Visitors to the University are amazed by nothing more than by the fact that the majority of students are not killed or wounded sometime during their career by the traffic in the Square, especially during the slippery season. Statistics on the subject are not available; but it is safe to assume that even the laziest student enters the Yard once a day, and that even the most studious of those having rooms there are obliged to go out once a day in search of food. That the mortality is so low is surprising, especially when one considers that many motorists, particularly truck-drivers, appear to regard college students as fair game.

The time is not entirely out of sight when it will be not only convenient but necessary to build foot-bridges, such as are used in crowded parts of London, over Massachusetts Avenue. Traffic certainly cannot be asked to detour a quarter of a mile for the conveniences of the college; neither does it seem right that those who come to Cambridge for an education should be obliged to obtain it at the risk of their lives.

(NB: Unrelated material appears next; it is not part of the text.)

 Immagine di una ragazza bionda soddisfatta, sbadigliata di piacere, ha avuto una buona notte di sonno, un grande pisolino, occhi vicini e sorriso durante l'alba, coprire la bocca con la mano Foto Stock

For the immediate present, however, there is no cause of alarm. At almost any minute of the day one may see splendid examples of courage and quick-thinking on the part of students crossing the Avenue perhaps, as long as it is possible, the situation should be endured as a breeder of Spartan qualities. There are some, it is true, who display a shameful cowardice and always wait for a crowd of their fellows to collect before attempting to cross in a body, but they are confined to the more timorous, or to graduate students with families dependent on them. The average undergraduate can give, in the network of Mack trucks, taxi cabs in a hurry, thundering street-cars, and messenger boys on bicycles, as pretty an example of broken field running as anyone could wish to see.